(THE PROBLEM) Output the data verbatim, minus the images.

(RECORDED INFORMATION)
*** Block opens ***

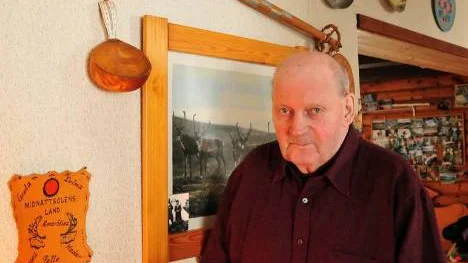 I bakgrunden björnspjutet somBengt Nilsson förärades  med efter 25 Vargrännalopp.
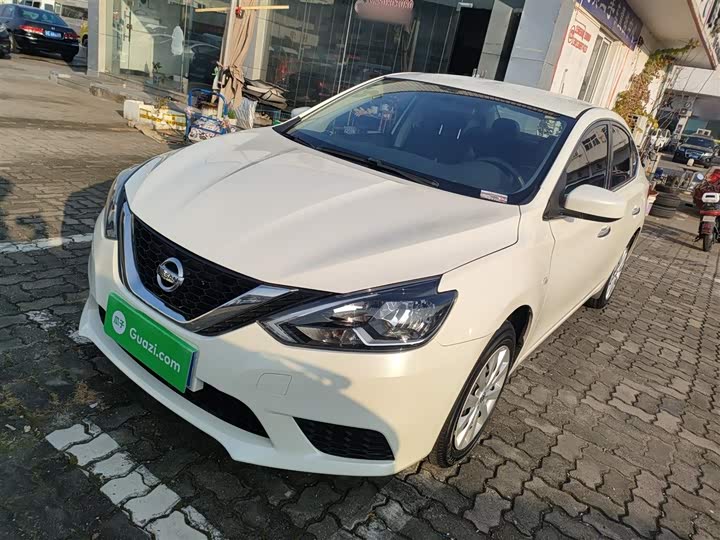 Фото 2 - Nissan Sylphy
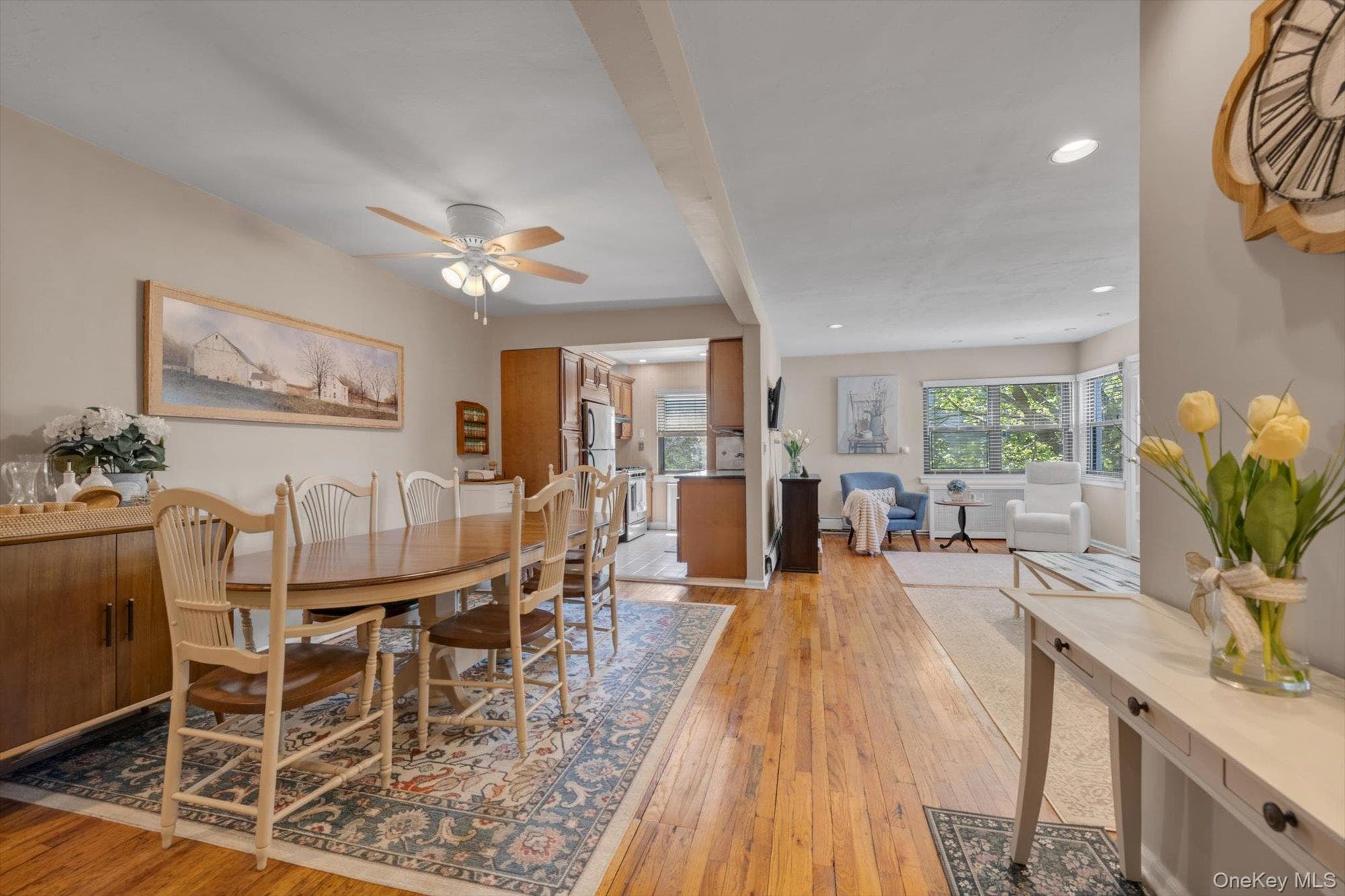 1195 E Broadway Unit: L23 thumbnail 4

*** Block closes ***

(ANSWER SPACE)
 I bakgrunden björnspjutet somBengt Nilsson förärades  med efter 25 Vargrännalopp.
 Фото 2 - Nissan Sylphy
 1195 E Broadway Unit: L23 thumbnail 4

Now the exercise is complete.